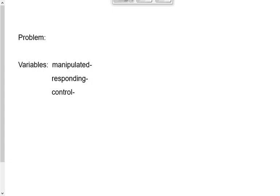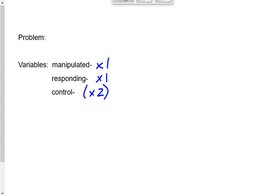Our variables: we always have three sets. There's one manipulated variable and one responding variable — as we go through this pre-lab, those should become pretty clear. There are also one or two really important control variables, depending on how you phrase it. There are a million other control variables, but I don't expect you to list them all.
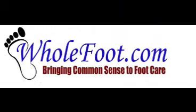Welcome to WholeFoot.com, bringing common sense to foot care, your source for information on various foot topics, and your host, Brett Fink.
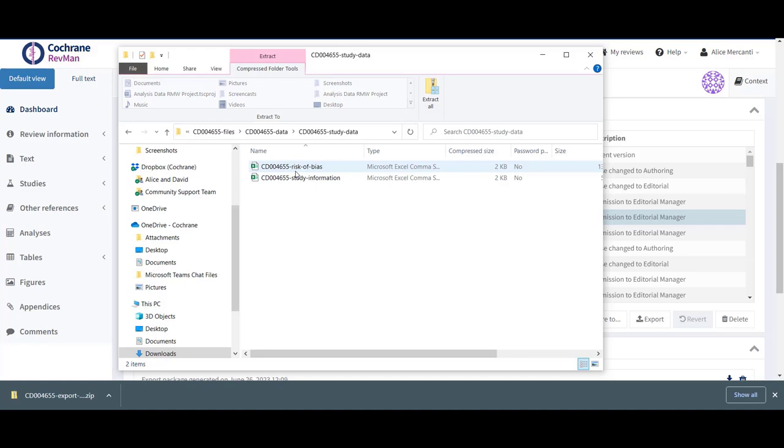The files in the study data folder can be study information, that is information on which studies exist and study characteristics, study arms, risk of bias, and study results.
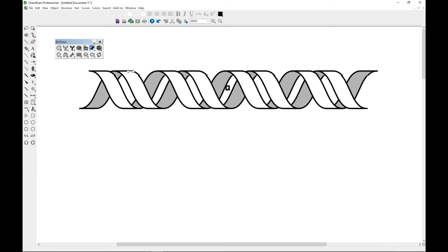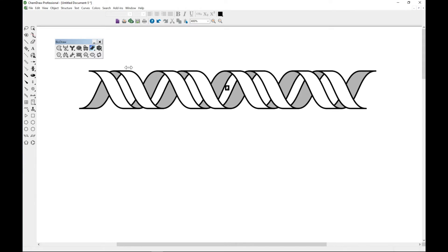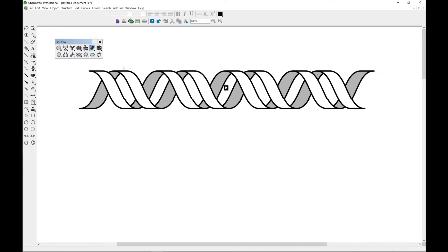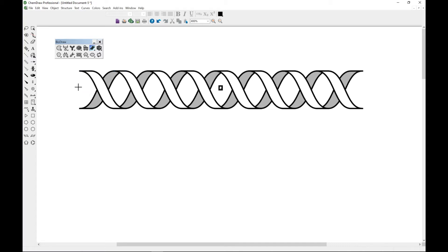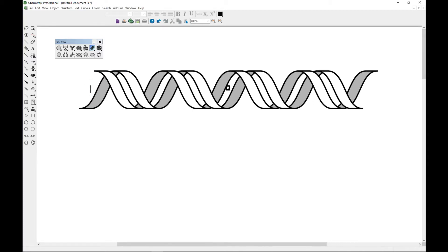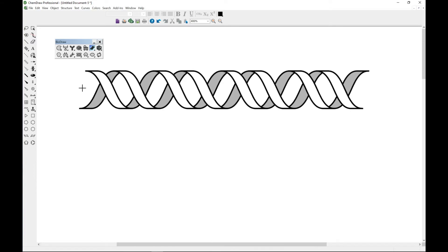You can also do width adjustment, so you can bring it here and change the width. You can also do offset adjustment, so you can come back to the side and do offset adjustment. That is something important to note using DNA.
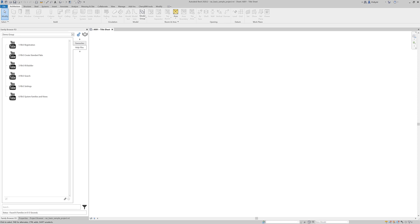In this video I'm going to show you how we set up Family Browser for the end user using the Family Browser Builder.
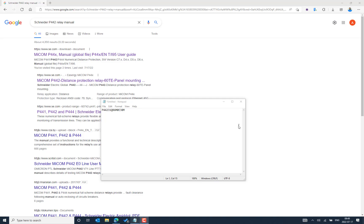In this video, we will see how we can download the data model for Micom Schneider Micro Relay as seen in the notepad file. Let's take an example of the P442 relay model to understand this firmware version E3, which belongs to Schneider.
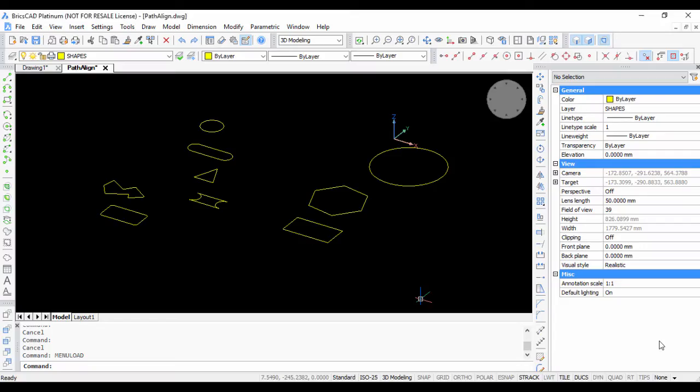Hello, this is Rakesh Rao from DesignSense Bangalore in India. In this video, I am going to show you how you can create lofted 3D surfaces and solids using BricsCAD.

§

**Task goal:** Set down the material above exactly. Skip any picture.

**Completed task:**
Our variables: we always have three sets. There's one manipulated variable and one responding variable — as we go through this pre-lab, those should become pretty clear. There are also one or two really important control variables, depending on how you phrase it. There are a million other control variables, but I don't expect you to list them all.
Welcome to WholeFoot.com, bringing common sense to foot care, your source for information on various foot topics, and your host, Brett Fink.
The files in the study data folder can be study information, that is information on which studies exist and study characteristics, study arms, risk of bias, and study results.
You can also do width adjustment, so you can bring it here and change the width. You can also do offset adjustment, so you can come back to the side and do offset adjustment. That is something important to note using DNA.
In this video I'm going to show you how we set up Family Browser for the end user using the Family Browser Builder.
In this video, we will see how we can download the data model for Micom Schneider Micro Relay as seen in the notepad file. Let's take an example of the P442 relay model to understand this firmware version E3, which belongs to Schneider.
Hello, this is Rakesh Rao from DesignSense Bangalore in India. In this video, I am going to show you how you can create lofted 3D surfaces and solids using BricsCAD.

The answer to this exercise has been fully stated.